Much more than a code warehouse, GitHub is effectively a social network for software development. Programmers can ‘fork’ any user's public project (that is, make their own copy), modify it, and use that updated code — or any previous version thereof — on their own data. They can then make that updated code available to the community, a form of “permissionless” editing that is “tremendously powerful,” says Brown. Some journals even run their peer-review processes on GitHub.
“Communication and collaboration are the killer apps of version control,” wrote The University of British Columbia statistician Jenny Bryan in a recent article. And that is equally true for bench scientists as for programmers. In one recent example, Casey Greene of the University of Pennsylvania Perelman School of Medicine and Anthony Gitter of the University of Wisconsin, Madison, led a team of more than 40 researchers who collaborated to write an extensive review on a form of artificial intelligence called ‘deep learning’. The project, which they called ‘the deep review’, was managed (and eventually automated) entirely on GitHub.
Brown's lab uses GitHub as a way to manage collaborations, control access, run automated quality checks, and provide a 'canonical' copy of its code. And they use it also to advance reproducibility, Brown says, by allowing team members to identify and retrieve precisely those versions of their code, scripts, and data they originally used to perform a particular analysis.
Tracy Teal, executive director of the Carpentries, the parent organization that oversees Software Carpentry, says that Git and GitHub are even useful for those researchers who like to work solo. “Most researchers are primarily collaborating with themselves,” Teal explains. “So, we teach it from the perspective of being helpful to a ‘future you’."
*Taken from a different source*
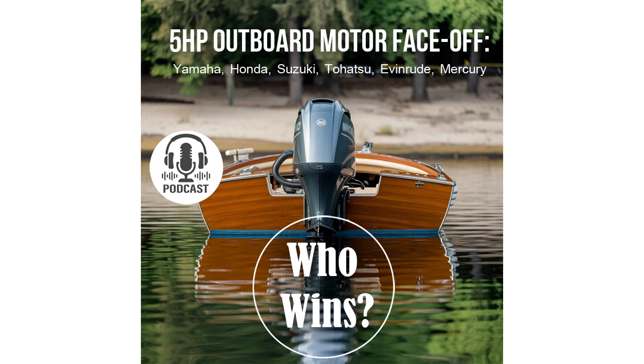That wraps up today's episode, where we took a deep dive into low-powered outboard motors. We went through the models from Yamaha, Honda, Suzuki, Tohatsu, and Mercury, evaluated them based on key parameters, and tried to figure out which one truly deserves your attention. Each of these motors has its own strengths, and the choice will always depend on your personal preferences and the conditions you'll be operating in. Yamaha offers excellent anti-corrosion protection, Honda provides quiet operation and comfort, while the Suzuki DF5 impressed us with its versatility. At the end of the day, choosing a motor is a personal decision — our job is to help you navigate the details and make an informed choice. There's nothing better than heading out on the water with confidence in your motor.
But there are alternatives to GitHub, including GitLab and Atlassian’s BitBucket. Both have reported sharp spikes in new users in the wake of Microsoft’s announcement.
Learning the basics
Whatever platform you use, Git can be a daunting prospect for the uninitiated, but the basics are straightforward enough — see here, here, and here for good tutorials. The program is text-based, but several free graphical user interfaces are available, including SourceTree and GitKraken. And many programming tools, such as RStudio, feature Git integration as well.
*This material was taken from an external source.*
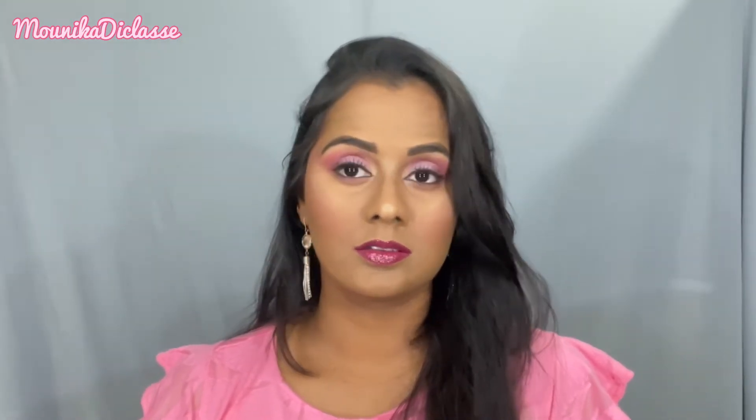Hello everyone, welcome back to my channel. I'm Monika, also known as The Glassy. Today I'm going to show you a pink soft glam look with pink eyeshadow, pink dress, dark plum lipstick.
But there’s no arguing the tool is complicated, and things often can go wrong — a fact this author has experienced first-hand. In that case, Blischak urges perseverance. “Appreciate the fact that it’s going to be a little complicated to start off. And don’t get discouraged if it seems a little overwhelming at first, because that's how everybody feels.”
Indeed, getting a feel for the software in a non-mission-critical situation may be the best way to learn Git, says Teal; that way, instructors can walk you through the hiccups that inevitably arise. "I won't pretend that it's not a challenge. It's just one that's worth it," she says.
At the Carpentries, instructors don’t teach reproducible research per se; rather, they see reproducibility as a consequence of good scientific practice. “We see reproducibility as a ‘lagging indicator’ rather than a ‘leading indicator’,” Teal explains. “Reproducibility comes from good practices in doing research coding.”
Jeffrey Perkel is Technology Editor, Nature.